Tuesday, January 25, 2011

So Much for Civility

So much for civility and respectful dialogue.  So much for stopping the personal attacks.  So much for the promises of heated debate without personal ranker.  Members of Congress and the talking heads that cover their every word had all agreed on at least one thing.  They agreed that while the vitriol and hate speech that filled our airwaves had not caused the tragedy in Tucson, words do matter and the rhetoric needed to be toned down.
Apparently Glenn Beck didn’t get the memo.
On a recent show he referred to liberals, specifically Nancy Pelosi, as “radicals” and “Marxists” and “revolutionaries”.  “If you listen to them they will lead you toward a totalitarian state”. 
Mr. Beck was just warming up.  “You are going to have to shoot them in the head or they are going to shoot you.”  Continuing: “You will have to shoot me in the forehead before I will let you step into my house and tell me how to raise my children.  You will have to shoot me in the forehead before you will take away my gun.  You will have to shoot me in the forehead before I acquiesce and become silent.”
Mr. Beck is not alone.  In the wake of the Tucson shooting there have been many, many more individuals who have expressed the need to include guns and violence in our political discourse.

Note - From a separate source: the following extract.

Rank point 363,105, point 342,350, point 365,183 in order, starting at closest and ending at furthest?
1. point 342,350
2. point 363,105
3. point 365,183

Maybe we just can’t help ourselves. 
We are Americans!  We are three hundred million strong!  We are also a violent country.  We are the most heavily armed country in the world by far, well ahead of our closest competitor.  We have ninety guns for every one hundred citizens.   The internet and newspaper are filled with reports of hundreds of shootings and murders in our country each and every day.  At the risk of raising the ire of conservatives; Canada has thirty six million people.  They have ten million households and seven million guns.  That’s still a lot of guns per capita.  But somehow they only had two hundred murders last year.   
It is hard to understand why Mr. Beck and his ilk need to fill their commentary with gun references in order to make their point.  Maybe it’s an “American thing”.  Psychiatrists would have a field day finding the answer.